Jacques Keller-Noellet
Merci de ces remarques qui révèlent une lecture attentive et un sens critique aiguisé. Nous allons les diffuser. Ainsi que cette réponse qui suit. Le débat est important et nous l’encourageons.
Etes-vous abonné? Et si oui depuis longtemps? Si vous lisez La Vigie depuis quelque temps, vous aurez retrouvé sous l’expression un peu racoleuse, j’en conviens, “récession stratégique” une réflexion étoffée et régulière dans nos numéros depuis plusieurs années sur la déconstruction de plus en plus rapide de l’ordre stratégique que l’on connaissait à la fin de la guerre froide. Quant à l’opposé de la récession, on peut sans trop d’imagination, le trouver dans la véritable “inflation stratégique” constituée par les divers structures héritées de l’ONU, de l’Otan, de l’UE , du G7/G20 … et des différentes enceintes du multilatéralisme triomphant des années 70/90. C’est toute cette superstructure qui se relativise et s’effondre sous nos yeux aujourd’hui, régression ou récession, … C’est ce que nous avons qualifié de “multisme” pour ne pas endosser la formule trop approximative de multipolarité. Au risque d’en faire trop en matière de formulation, on peut même dire que le monde est entré dans une sorte de “déconfinement stratégique” qui nous fait sortir de ce monde international très encombré et si hétéroclite du XXe siècle pour entrer dans une sorte “terrain vague stratégique” où la fluidité règne désormais.

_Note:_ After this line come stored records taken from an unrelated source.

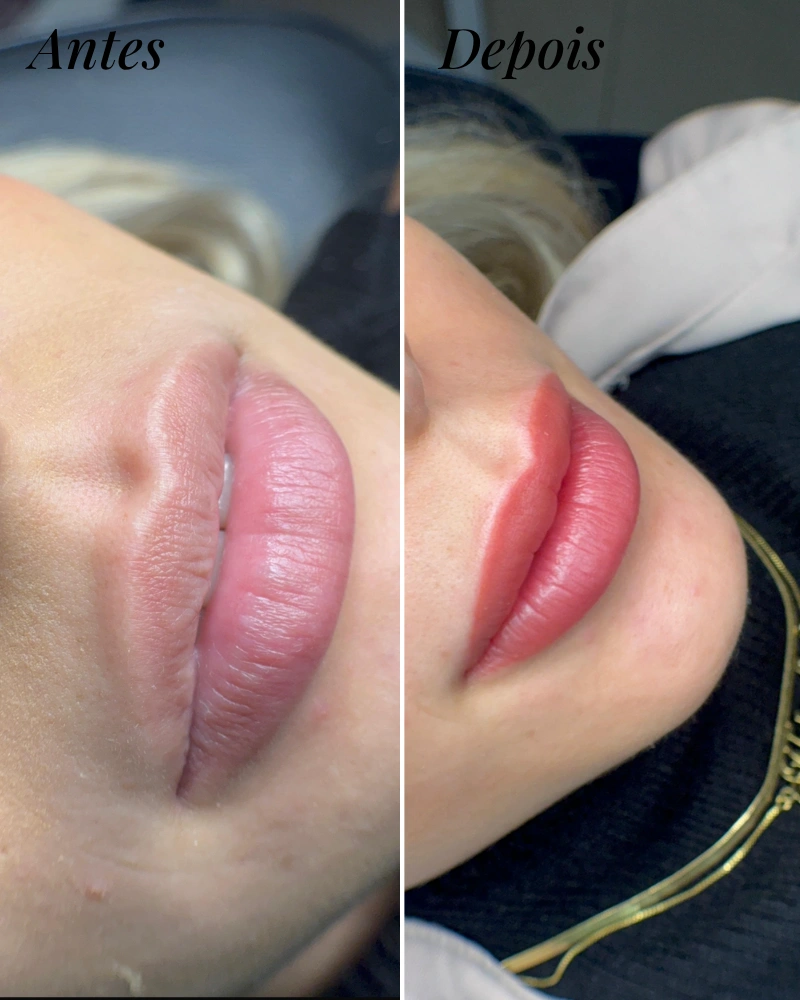 Antes e depois da micropigmentação labial
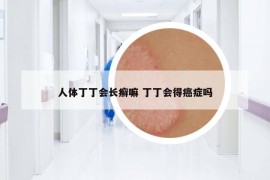 人体丁丁会长癣嘛 丁丁会得癌症吗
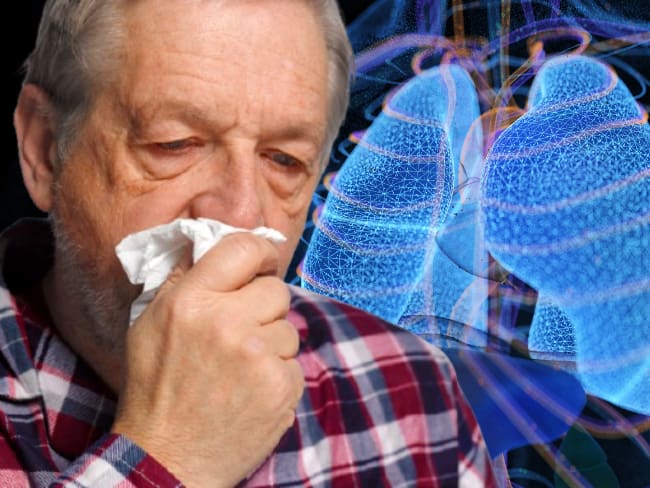 Tuberculosis en México supera los mil casos en 2026 en medio de la ola por sarampión: estados y síntomas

A votre autre remarque concernant les voisinages de l’Europe, sujet que nous suivons de près à Paris comme à Bruxelles et dont notre pauvre sapeur aurait été bien embarrassé, il y a beaucoup à dire et nous nous en sommes exprimés souvent dans La Vigie. Et nous avons échangé récemment avec de nombreux chercheurs de Bruxelles sur le texte joint que j’ai signé et qui a fait réagir. C’est, mais sans usage de bonneteau, une perspective large qui se veut réaliste et en phase avec la réalité d’une planète de 7,5 milliard d’habitants. Il y a là à l’évidence un débat majeur qui ne peut se trancher par la simple obstination à faire fonctionner un modèle qui peine à réussir ce pourquoi il a été conçu.
Encore merci. Poursuivons nos débats.